Quote exactly the lines from the one with "Jackson Lo ⚡️ banner" to the end of the data, both included; omit the pictures.
[RECORD EXCERPTS Boundary: Start]
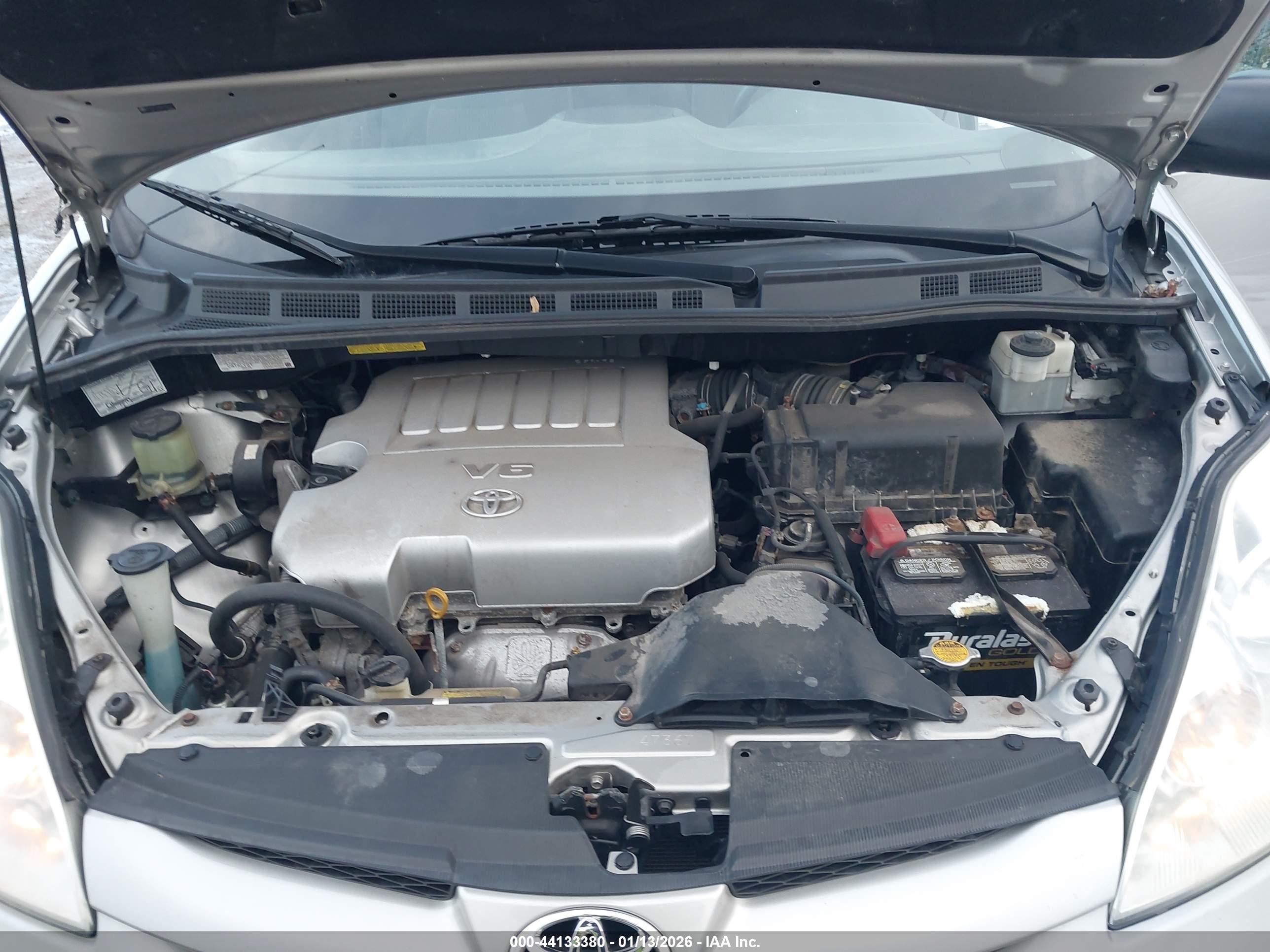 TOYOTA SIENNA image 10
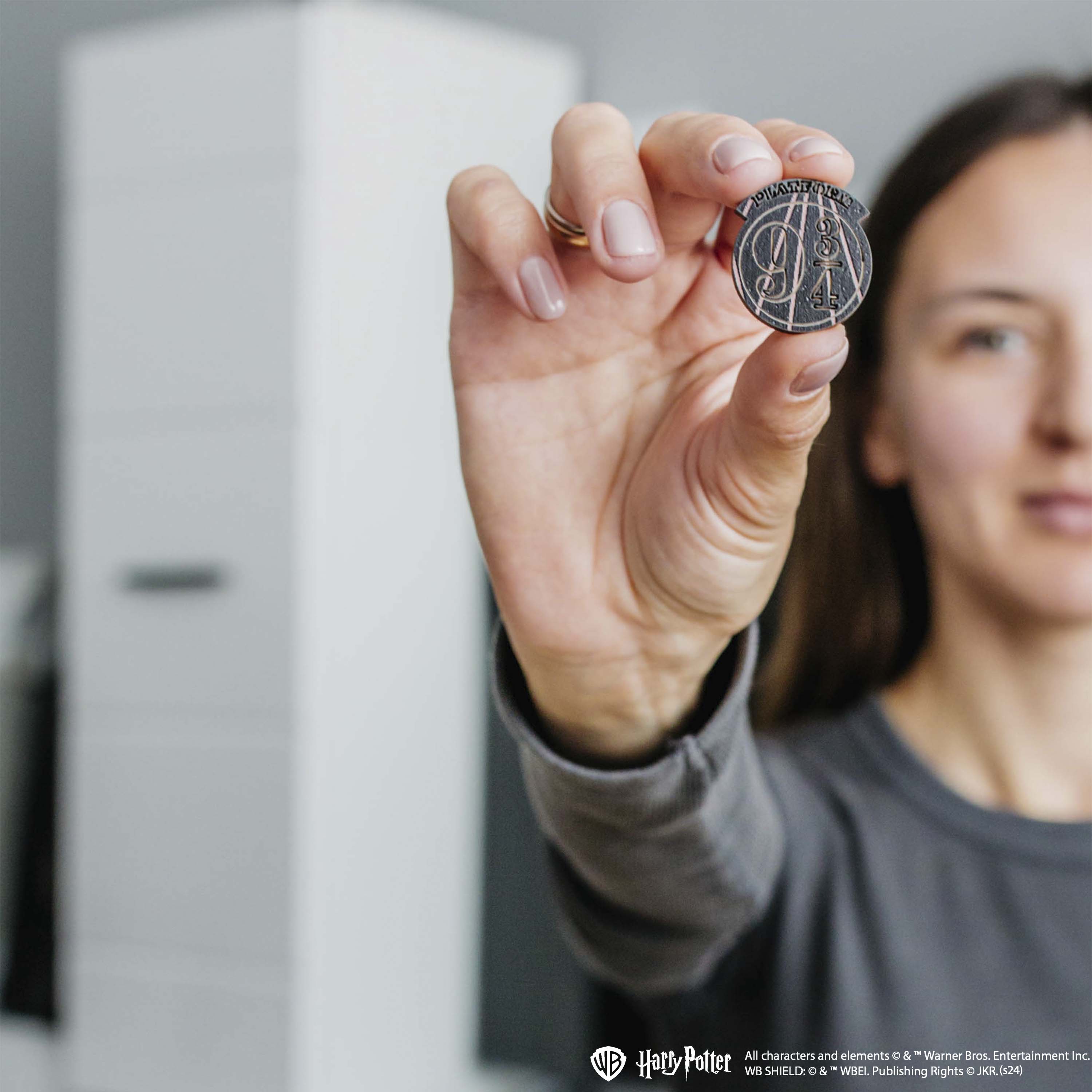 Wooden jigsaw classic puzzle Harry Potter Hogwarts™ (Black)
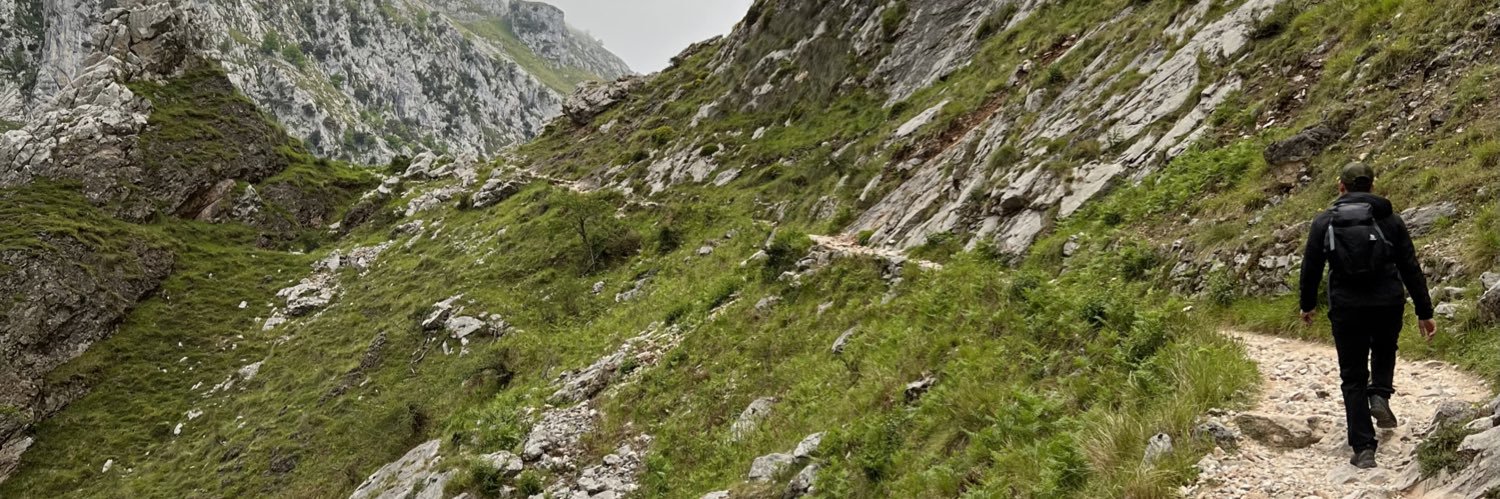 Jackson Lo ⚡️ banner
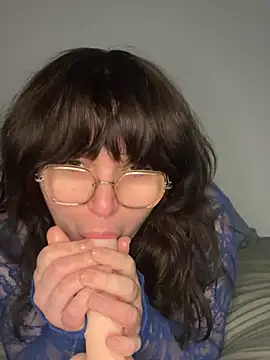 Snapshot of _dwhorekin_ chatting on February 5, 8:57 pm dwhorekin online show from February 5, 8:57 pm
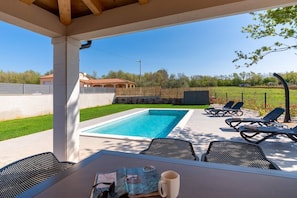 Outdoor pool - Villa Stefani (Porec)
[RECORD EXCERPTS Boundary: End]
PROBLEM SOLUTION:
 Jackson Lo ⚡️ banner
 Snapshot of _dwhorekin_ chatting on February 5, 8:57 pm dwhorekin online show from February 5, 8:57 pm
 Outdoor pool - Villa Stefani (Porec)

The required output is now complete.